# Your task
Starting from the first line below, copy the whole listing exactly.

# Provided material

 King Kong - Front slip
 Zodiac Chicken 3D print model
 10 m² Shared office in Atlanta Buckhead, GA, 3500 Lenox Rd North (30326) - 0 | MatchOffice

# Solution to this task
 King Kong - Front slip
 Zodiac Chicken 3D print model
 10 m² Shared office in Atlanta Buckhead, GA, 3500 Lenox Rd North (30326) - 0 | MatchOffice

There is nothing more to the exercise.